The national average for seat belt use is at a high of 71% and that’s very good news. The increased use of the safety restraints come after a $3.7 million campaign called “Click It or Ticket.” This program used paid advertising from public and private funds that warned communities that law enforcement would be out in force looking for violators of seat belt laws. These statistics are promising when reviewing the facts that in 1999 more than 32,000 drivers and passengers were killed in automobile crashes with an estimated 9,553 lives that could have been saved had seat belts been used. But these statistics do not show the bigger picture, the number of people injured or killed because of defective seat belts. Last year alone a number of car companies recalled their automobiles due to defective seat belts.
The “lock for latch” seat belt design is recognized as a safer design feature that will stay fastened while buckles lacking the feature may not. Mounting evidence has indicated that some seat belts appear to be more prone to failing during crashes than other belts. There are several different explanations that have been offered regarding seat belt failures. Inertial unlatching can occur when the seat belt becomes unlatched during a collision by inertial forces. The latch plate pulls out of the buckle leaving people unbelted and susceptible to further injury in accidents.
Defective seat belts may not properly restrain occupants of a vehicle due to poor manufacturing or design. There have been warnings in the past against using buckles with no “lock-for-the-latch” design on seatbelts because they are more susceptible to inertial unlatching. False latching is a defective seat belt buckle problem that can occur when the buckle appears to be latched but actually is not. Because false latching occurs, vehicle occupants can be thrown from the car despite wearing the seat belt. Safety standards regarding false latching require buckles that are false latched to pull free at less than five pounds of pull – as a result a false-latched buckle would not withstand a simple pull on the belt to ensure it is properly latched.
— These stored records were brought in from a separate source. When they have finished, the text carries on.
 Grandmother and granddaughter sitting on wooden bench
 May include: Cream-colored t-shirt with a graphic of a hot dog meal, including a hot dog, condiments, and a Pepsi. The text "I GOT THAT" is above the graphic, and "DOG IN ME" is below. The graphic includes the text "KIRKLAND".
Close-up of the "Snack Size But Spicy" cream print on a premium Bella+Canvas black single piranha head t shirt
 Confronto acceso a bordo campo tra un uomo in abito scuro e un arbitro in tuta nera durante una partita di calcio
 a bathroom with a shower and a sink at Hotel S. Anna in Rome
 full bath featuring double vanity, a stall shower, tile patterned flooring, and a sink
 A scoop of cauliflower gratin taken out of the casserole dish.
Ford and General Motors 2000 model-year vehicles had more than 300,000 vehicles recalled because of safety concerns with the seat belt buckle latches. The seat belts may not properly restrain vehicle occupants during a crash. Ford vehicle’s that are affected by defective seat belts are selected Explorer SUVs, Ranger pickups, F-150 pickups, Lincoln Town Cars, Escorts, Mountaineers, Mercury Villager vans, Ford Contour, and Mercury Mystique sedans and Windstar vans.
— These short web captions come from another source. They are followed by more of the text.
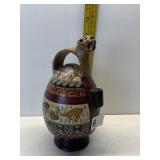 HAND PAINTED POTTERY PITCHER WITH CHEETAH HANDLE,
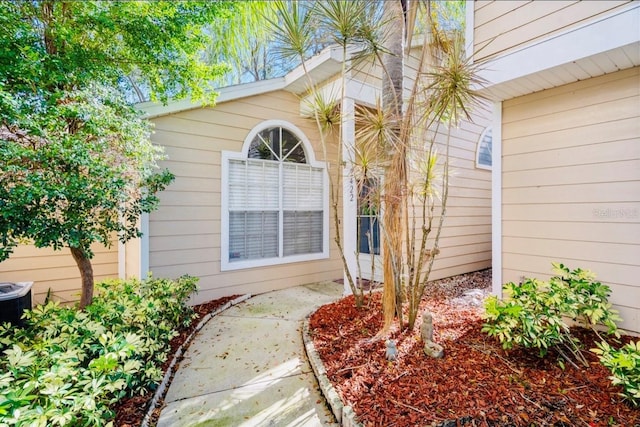 doorway to property featuring central AC unit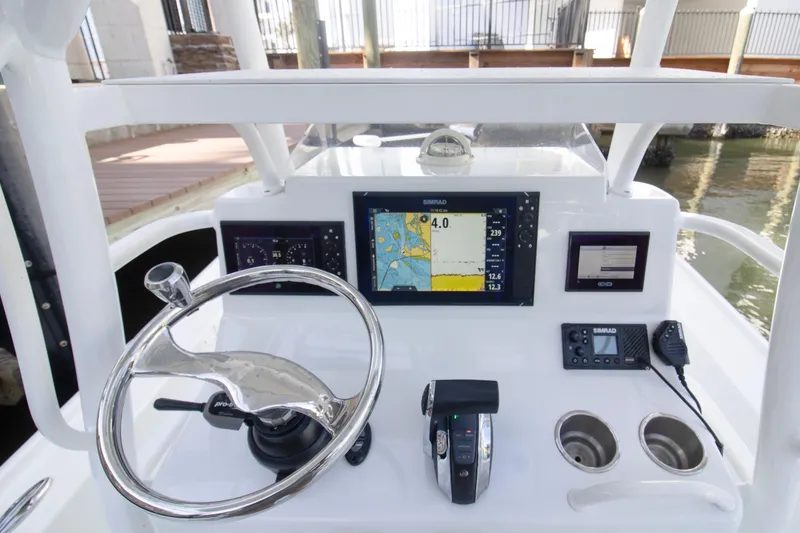 Slide: The Image of 2014 Yellowfin 24 Bay boat dashboard with steering wheel and navigation system. - 13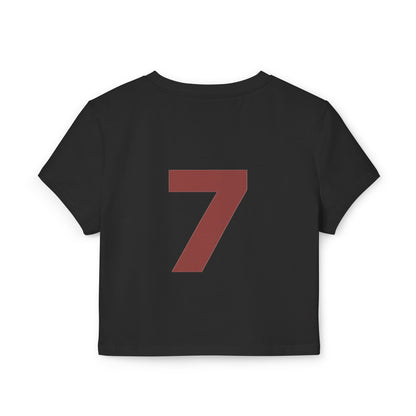 Just Deliver Success Women's Baby Tee That City 7 Collection black crop tee with red number 7 on the back.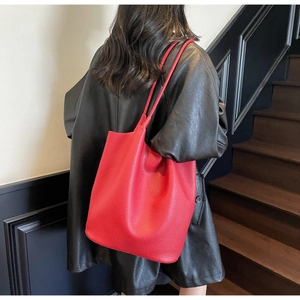 Detailed view of red leather bridal tote bag featuring lychee texture and round shoulder straps
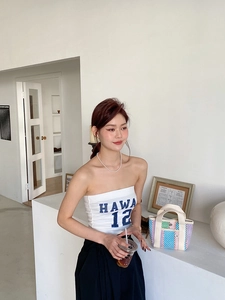 Détail d'un sac cabas tissé à rayures colorées avec un haut blanc et un pantalon noir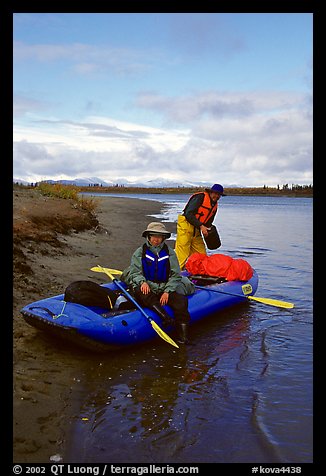 Canoeists finish  loading  with the boat prior to launching. Kobuk Valley National Park, Alaska (color)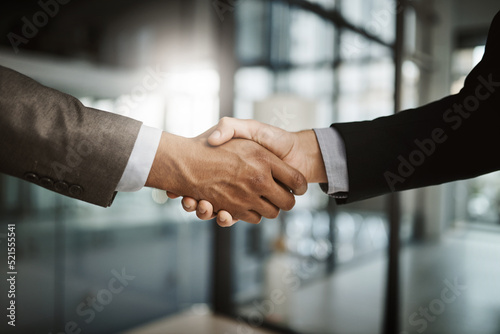 Handshake, collaboration and businessmen celebrating and congratulating on success for a sealed deal. HR manager hiring employee after successful interview. Hands of partners shaking on agreement.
Affected General Motors models of cars that are affected by defective seat belts include selected Buick Century, Chevrolet Lumina and Impala sedans, Monte Carlo couples, Chevy Blazer SUVs, Chevy Venture minivans, GMC Jimmy SUVs, Oldsmobile Intriguq sedans, Olds Silhouteete minivans, Olds Barvada SUVs, Pontiac Grand Prix sedans, Pontian Montana minivans and Saturn L-Series vehicles. The defective Ford and General Motors seat belts were manufactured by TRW, Inc, and said that latch assemblies were improperly heat-treated, which made them weaker than specified federal rules. TRW and the National Highway Traffic Safety Administration said they did not know of injuries as the result of the defective seat belts.
Some seat belt buckles are safer than others. Manufactures are not willing to make information public regarding seat belt buckles that are more prone to fail during crashes. Consumers are unable to make the distinction between safer safety belt models and what type of seat belt is in their vehicles until the information becomes available to the public. The “lock for the latch” seat belt buckle design helps to prevent buckles from opening during a crash and have been confirmed by tests performed by experts in the field of their safeness.
Because seat belts can fail and release during a crash it is often difficult to determine how many people are killed or injured every year due to defective seat belts. Inertial unlatching is a term that has been publicly dismissed by automakers and the U.S. government but is an obvious danger to many people. Patent literature, dating back to as early as 1952, shows the repeated warnings of the dangers of inertial unlatching. A patent from 1967 warned that seat belt buckles should be “positive locking” and not just “spring held”. In 1982 a patent was obtained which stated a properly designed latch should be physically blocked in the latched position to prevent unlatching by inertia forces acting on the vehicle body. However, anti-inertial unlatching features are still not used in all seat belt buckles in new cars.
So, while the increased seat belt use is good news, it’s not good news that many of the seat belts in use are defective and don’t work properly. The automobile industry has a duty to provide safe and workable restraint systems in the vehicles being sold. Hopefully, things will get better and soon.